After all that welding in and under the car, having the pieces sitting in front of me on my solid workbench is a real luxury!
entry 206 - tags: suspension, rear axle
November 12, 2009 - With the housing properly located, I did a bit of final fitting.
The brackets need to be 905mm apart on the inside edge and vertical in two planes. A bit of careful work, some solid tack welds and voila!
Except I made a mistake. The brackets on the chassis aren't designed to use washers. These are, and I forgot to take the thickness of the washers into account. They're right around 3/32" thick, so I have the brackets 3/16" too far apart. Argh. Is that enough to be a problem? Will I have to cut the brackets off and move them? I don't know. I'll get the tubes and test fit, and see if there's any sign of binding. I have a couple of ideas that don't involve the grinder, but that really would be the smart solution.

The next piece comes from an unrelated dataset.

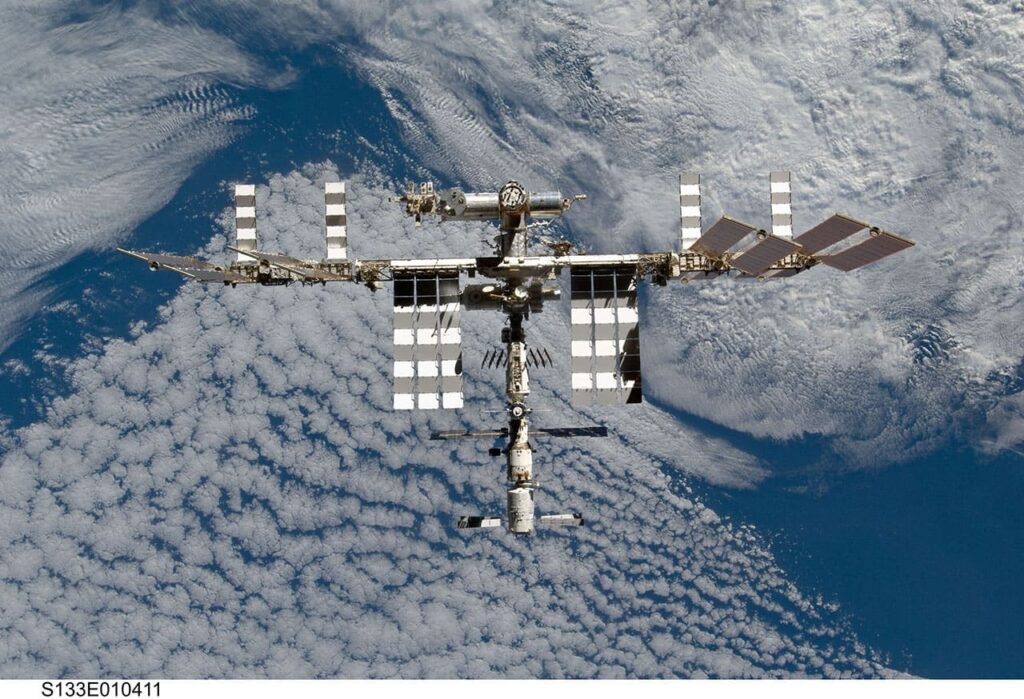 International Space Station in orbit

entry 207 - tags: suspension, rear axle
November 17, 2009 - Thanks to Brandon, the brackets are welded on the top of the diff.

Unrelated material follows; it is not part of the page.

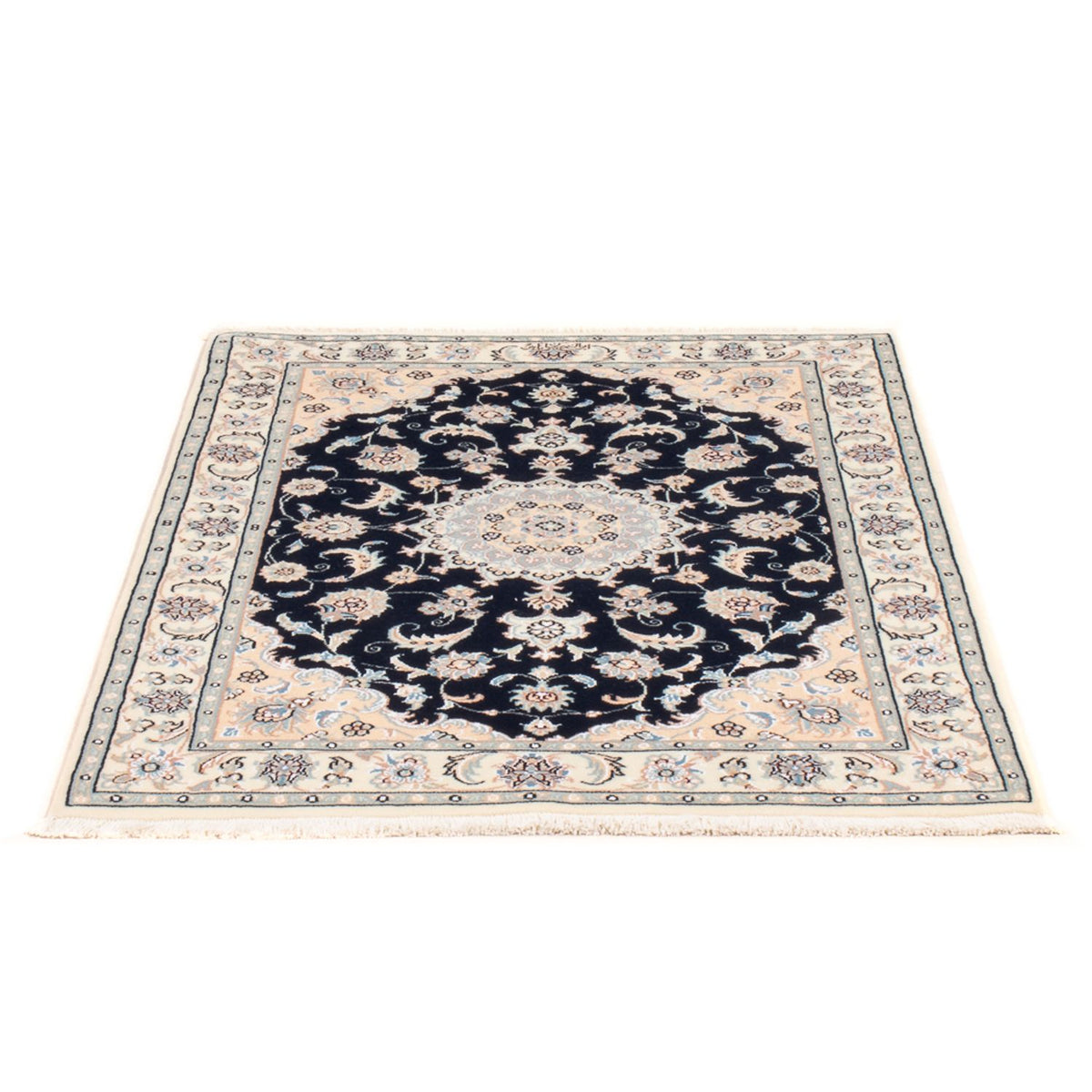 Perzisch tapijt - Nain - Premium - 120 x 84 cm - donkerblauw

I ran the torch, heating the whole area up to about 700F. Once the heat had stabilized, Brandon stick-welded the brackets on with a nickel rod as I continued to play the torch around and keep things warm. Once the welding was done, I continued to heat the differential and gradually brought the heat down. Once we got it down to about 450F, we wrapped the whole thing in a welding blanket and let it cool gradually overnight. The end result? No cracks!
Brandon would probably like me to mention that it's a bit out of practice, but the welds are strong. I tested them by beating on them with a hammer.
entry 208 - tags: rear axle
November 17, 2009 - Of course, after all that measuring and checking, one of the lower brackets was a bit crooked.
I'd been quite careful to align everything, but one must have shifted as I tacked it on. It was about 1.5 degrees off where it should be, but was visibly crooked. The human eye is unforgiving!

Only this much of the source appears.